Quantitative Social Science: An Introduction

Kosuke Imai

Publisher:

Princeton University Press

Publication Date:

2017

Number of Pages:

408

Format:

Paperback

Price:

49.50

ISBN:

9780691175461

Category:

Textbook

BLL Rating:

BLL

The Basic Library List Committee suggests that undergraduate mathematics libraries consider this book for acquisition.

MAA Review
Table of Contents

[Reviewed by

Jason M. Graham

, on

08/9/2017

]

Today, data science involves an interesting mixture of area-specific content knowledge with quantitative methods and computing. Furthermore, one may find data scientists occupying positions in a variety of academic departments, from computer science to marketing, and also in a variety of different industries. Of course, being well established collectors of data, social scientists ranging from the political to the psychological often require as much use of modern data science tools as any other group of researchers. Yet social scientists do not typically obtain the same level of training in computing, mathematics and statistics as their peers in the natural and computing sciences.
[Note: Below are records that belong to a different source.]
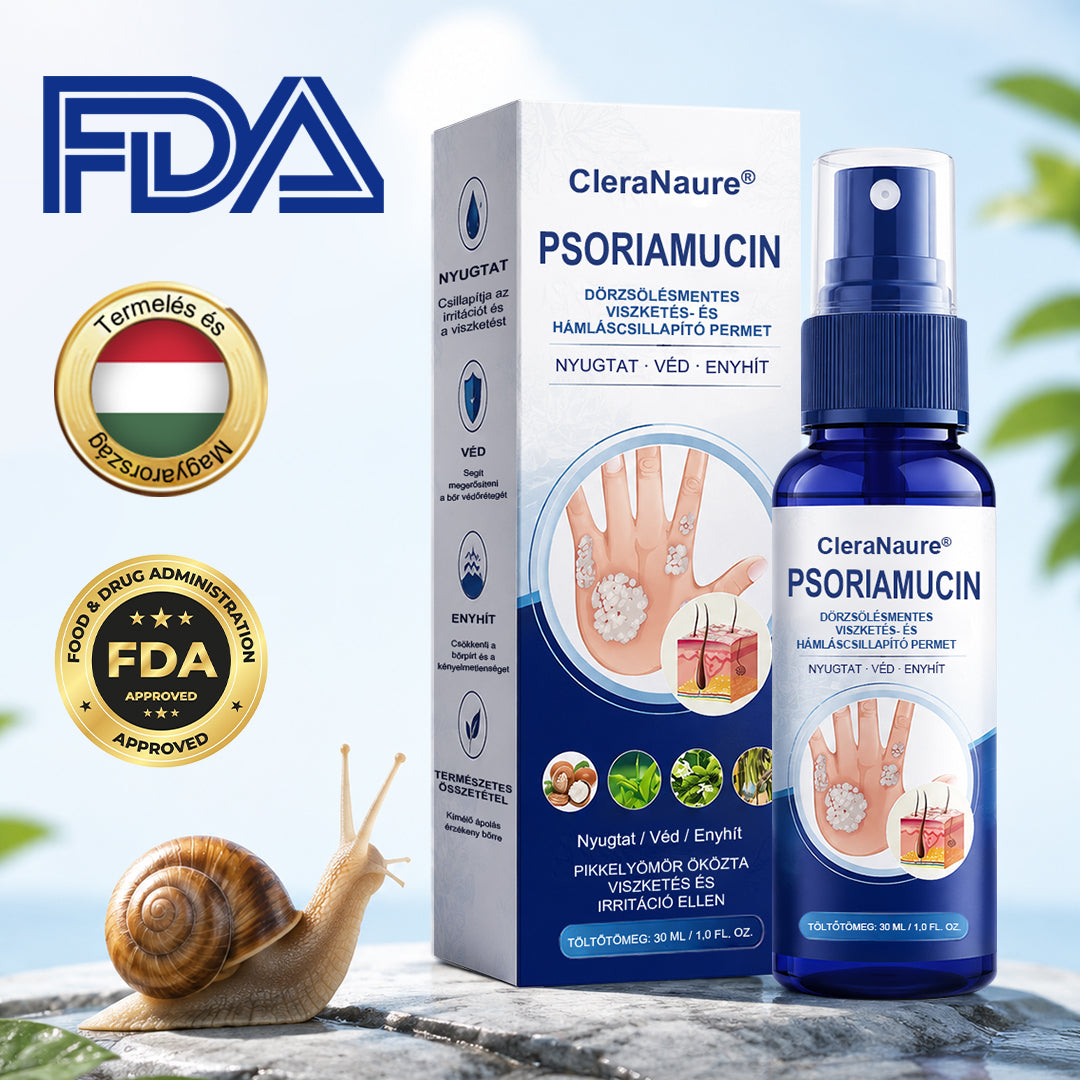 🥇CleraNaure® PsoriaMucin Dörzsölésmentes Viszketés- és Pikkelyenyhítő Permet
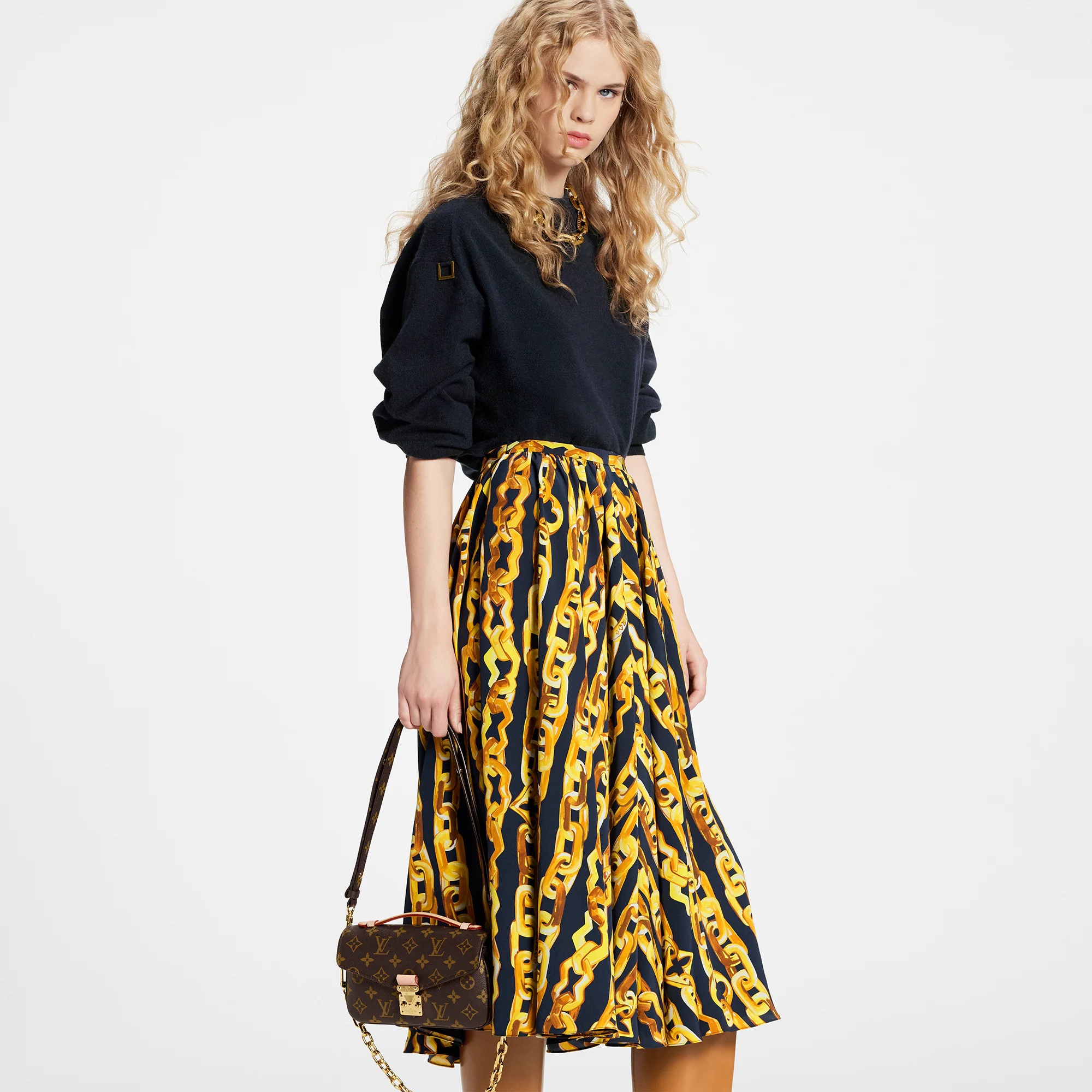 Chain Print Silk Midi Skirt - 5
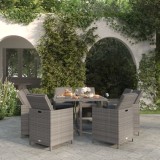 VidaXL Set mobilier grădină cu perne, 9 piese, gri, poliratan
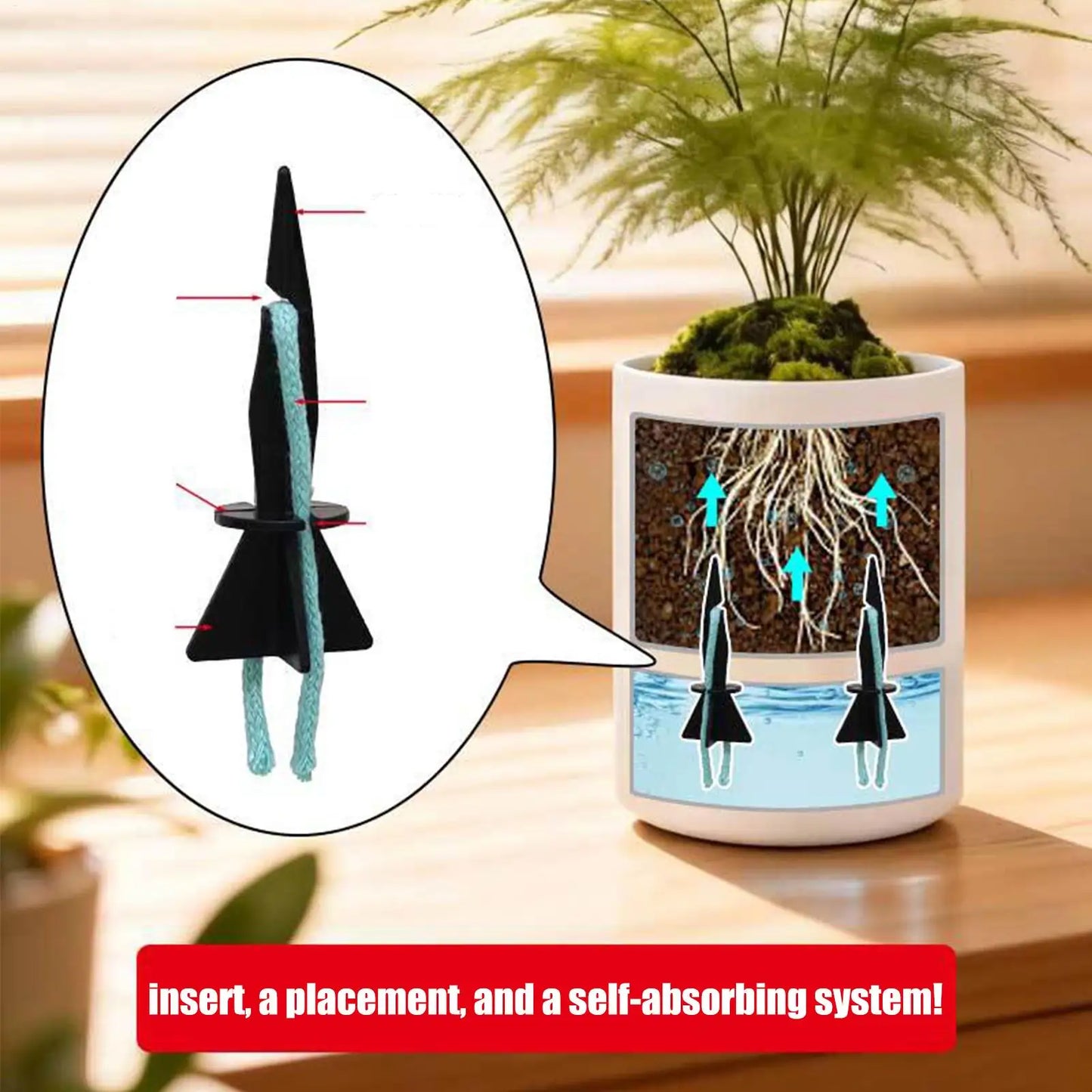 4pcs Plant Water Absorber Set Self-Watering Tool with Sharp Pointed Tip Watering Spikes Vacation Auto Irrigation System Peaceful Pleasures Health and Wellness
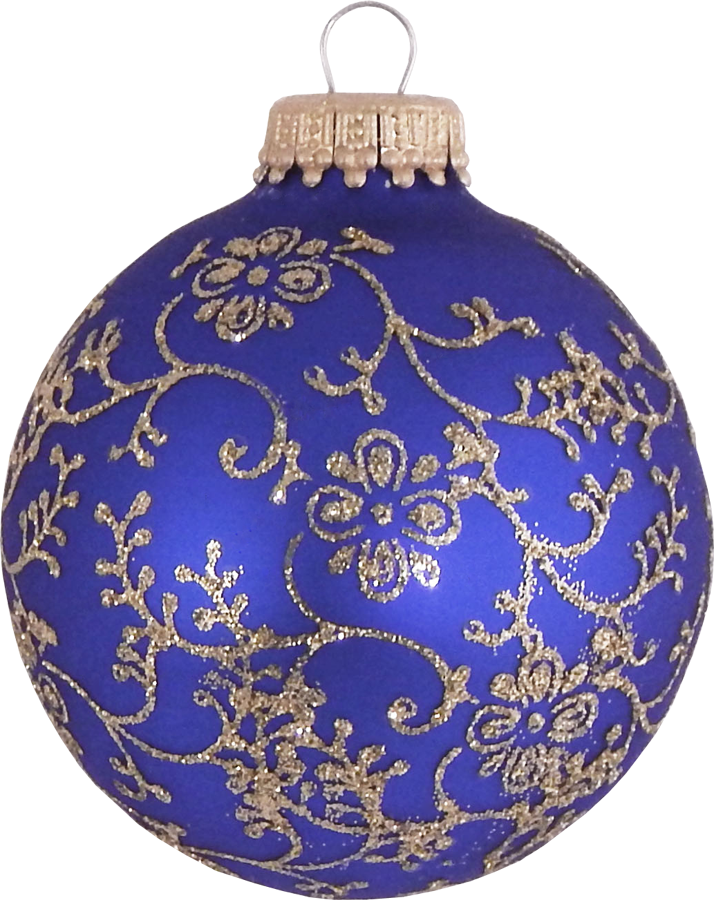 Glass Christmas Tree Ornaments - 67mm/2.63" [4 Pieces] Decorated Balls from Christmas by Krebs Seamless Hanging Holiday Decor (Traditional Colors with Gold Glitterlace)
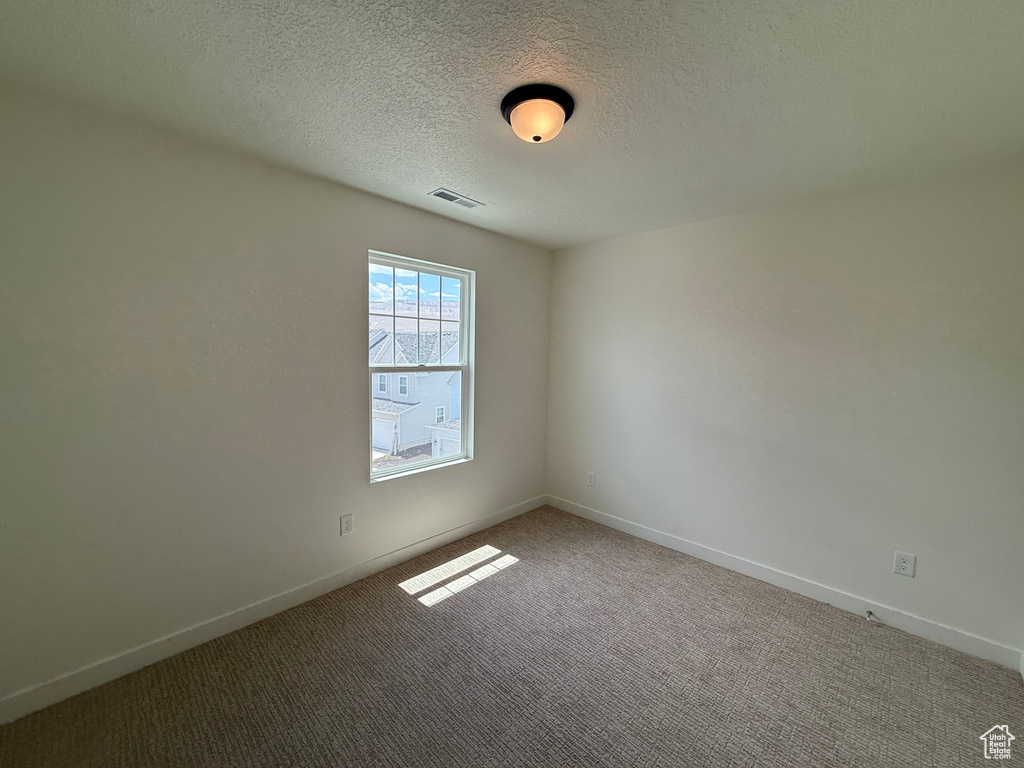 Carpeted spare room featuring baseboards and a textured ceiling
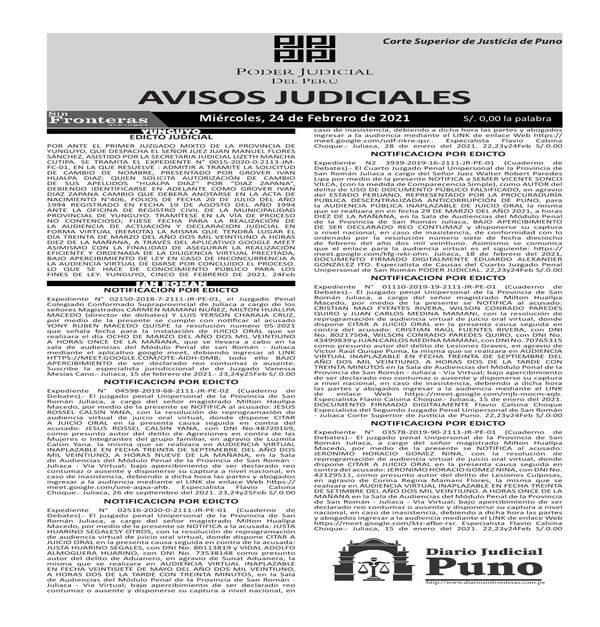  JUDICIALES PUNO 24022021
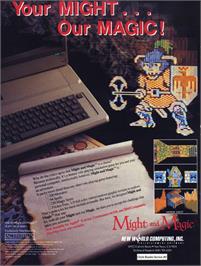 Advert for Might and Magic: Book I on the Commodore 64.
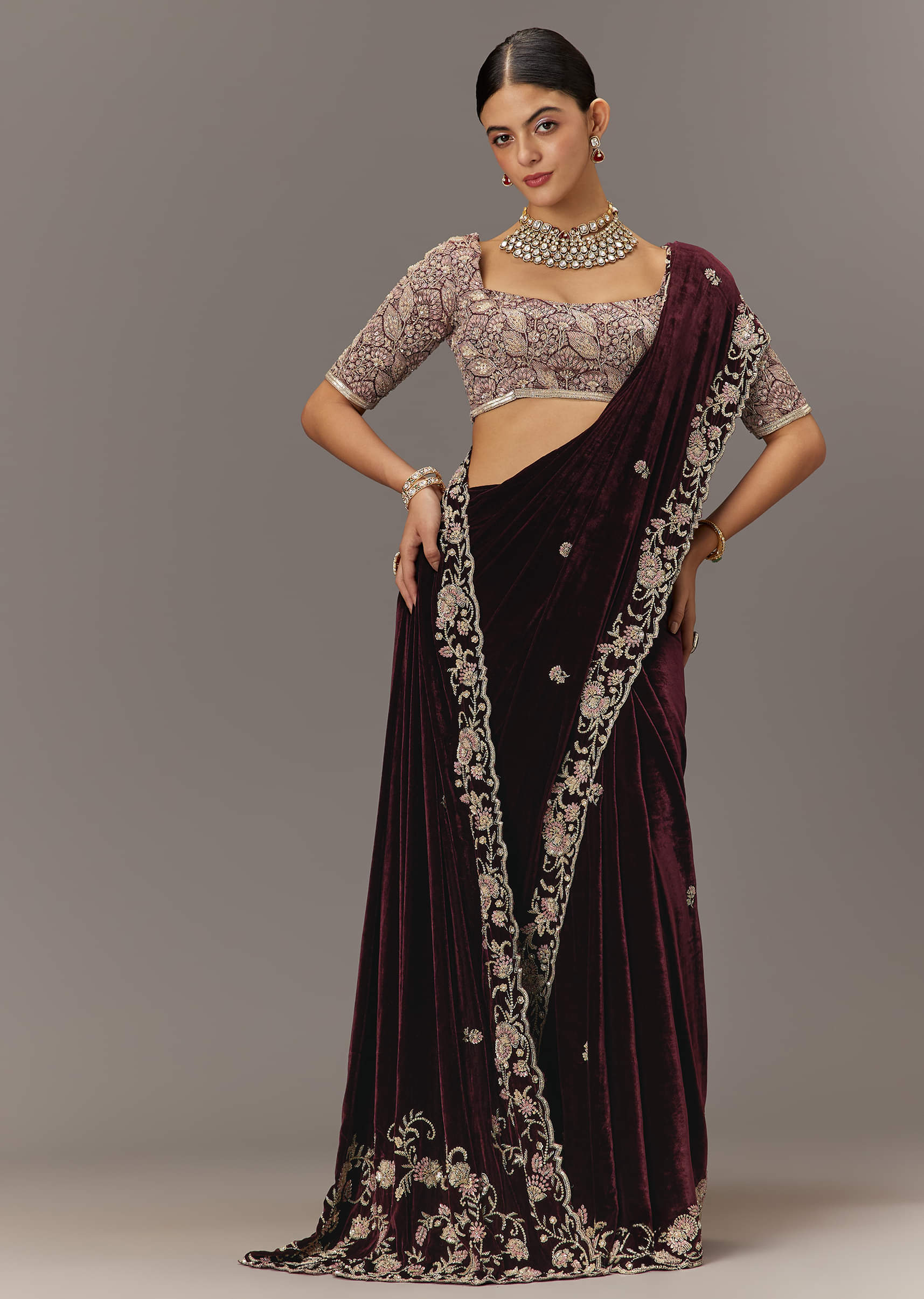 Maroon Embroidered Velvet Saree (2-Piece) - Image 2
Hence the existence of this book.

In Quantitative Social Science the reader will learn about essential techniques from probability and statistics, predictive modeling, network analysis, data wrangling and visualization, and a few other related topics. The book is written with the needs of social scientists in mind, but this does not mean that the reader must come from a social science background to benefit from reading it. In fact, I believe that this book provides an excellent introduction to data science for almost anyone. This is because the author has masterfully balanced careful explanations of the quantitative theory with the practical computer implementation of the methods applied to real world data sets that many readers will find interesting and appealing.

In order to implement methods and provide the reader with hands on experience in analyzing real data, the author has adopted the R statistical computing platform. In Quantitative Social Science the reader will learn the basics of R and see the relevant R code written out in full. Additionally, there is a website where the reader can access and download data sets and R code.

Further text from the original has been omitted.